Work request – Only the lines from the beginning of the entries through the one with "Thumbnail 1 in" should be written out, please, exactly and without any pictures.

━━━ Provided data

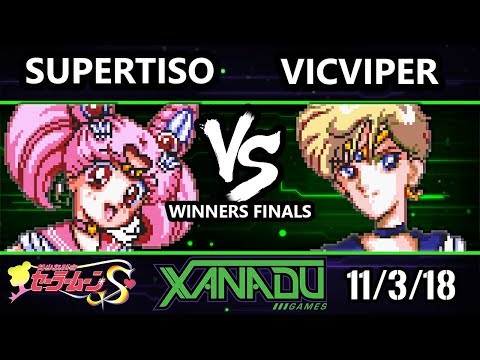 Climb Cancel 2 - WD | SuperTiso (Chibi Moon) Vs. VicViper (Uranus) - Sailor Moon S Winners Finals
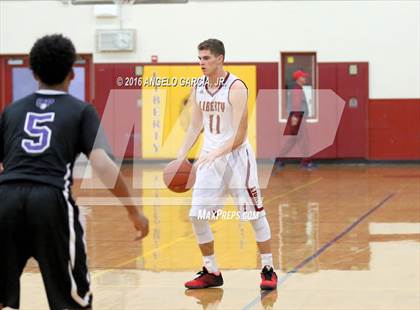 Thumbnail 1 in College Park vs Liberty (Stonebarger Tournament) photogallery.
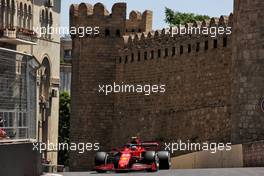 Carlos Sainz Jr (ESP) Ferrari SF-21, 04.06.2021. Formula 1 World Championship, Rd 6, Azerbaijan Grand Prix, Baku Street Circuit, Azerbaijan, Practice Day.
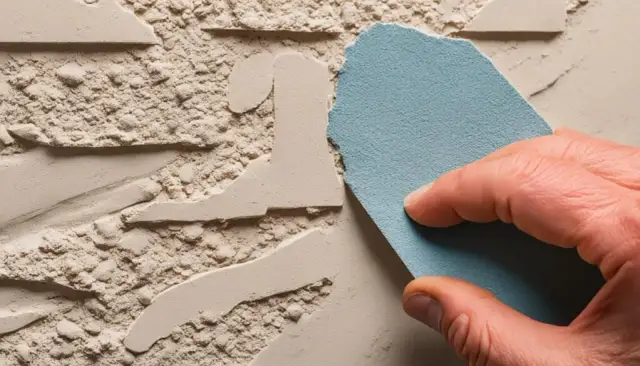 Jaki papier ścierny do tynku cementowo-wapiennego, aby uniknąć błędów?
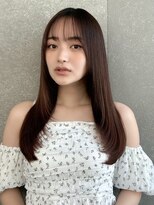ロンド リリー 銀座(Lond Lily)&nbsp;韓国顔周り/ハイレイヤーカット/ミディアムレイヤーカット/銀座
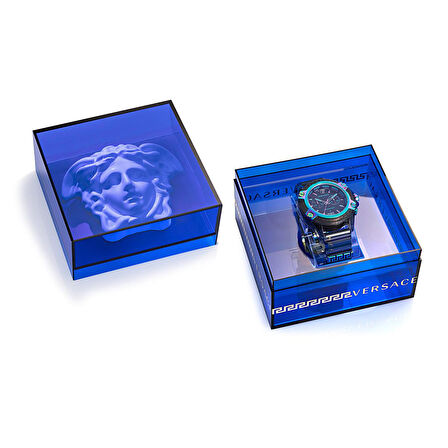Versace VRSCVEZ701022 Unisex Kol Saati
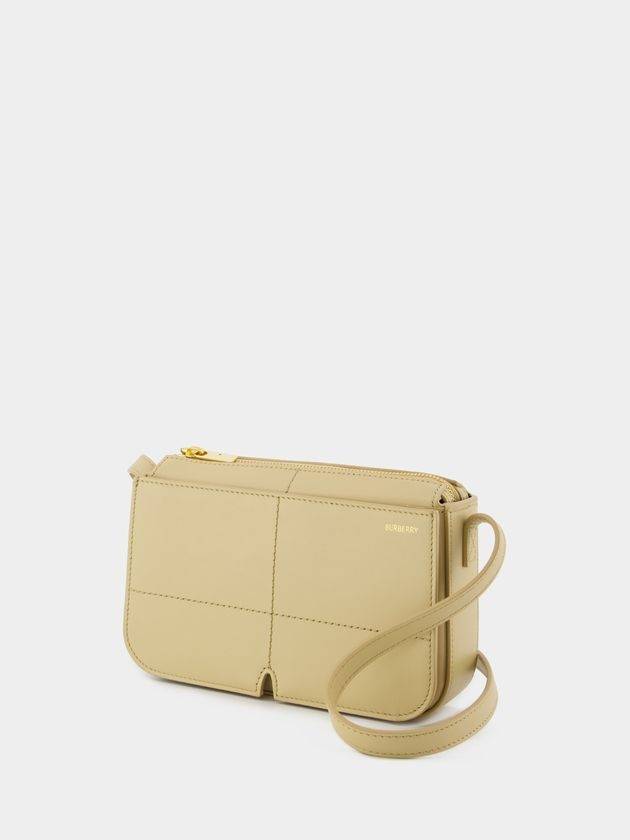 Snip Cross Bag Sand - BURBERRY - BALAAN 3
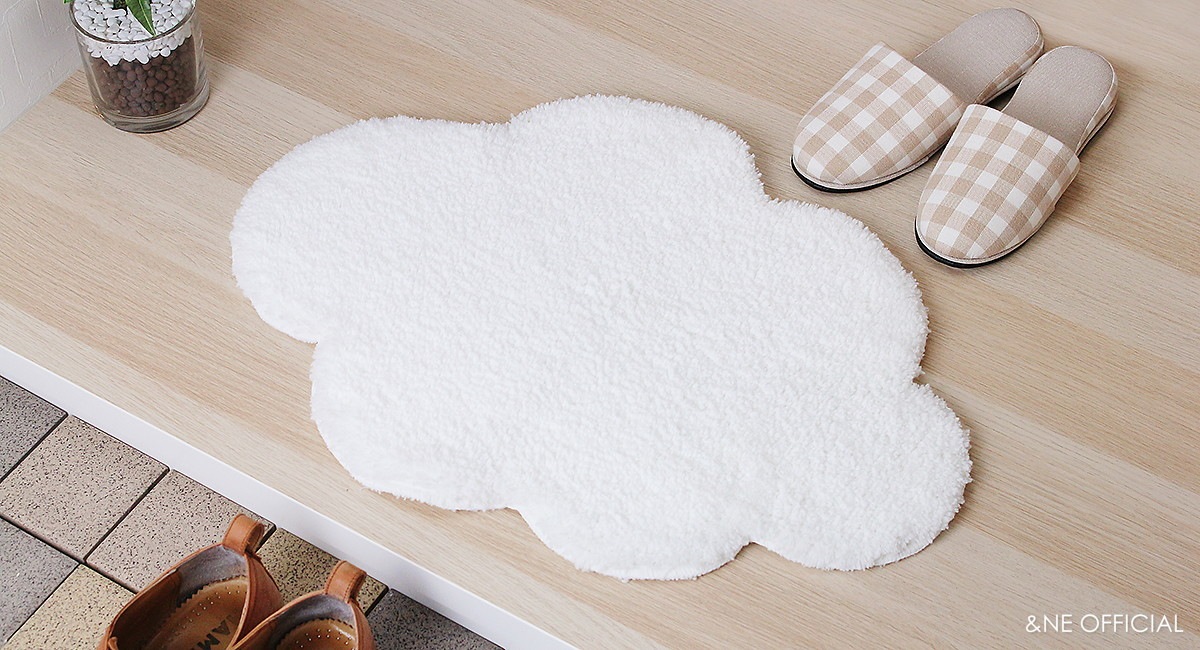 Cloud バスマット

━━━━━━

Answer –
 Climb Cancel 2 - WD | SuperTiso (Chibi Moon) Vs. VicViper (Uranus) - Sailor Moon S Winners Finals
 Thumbnail 1 in College Park vs Liberty (Stonebarger Tournament) photogallery.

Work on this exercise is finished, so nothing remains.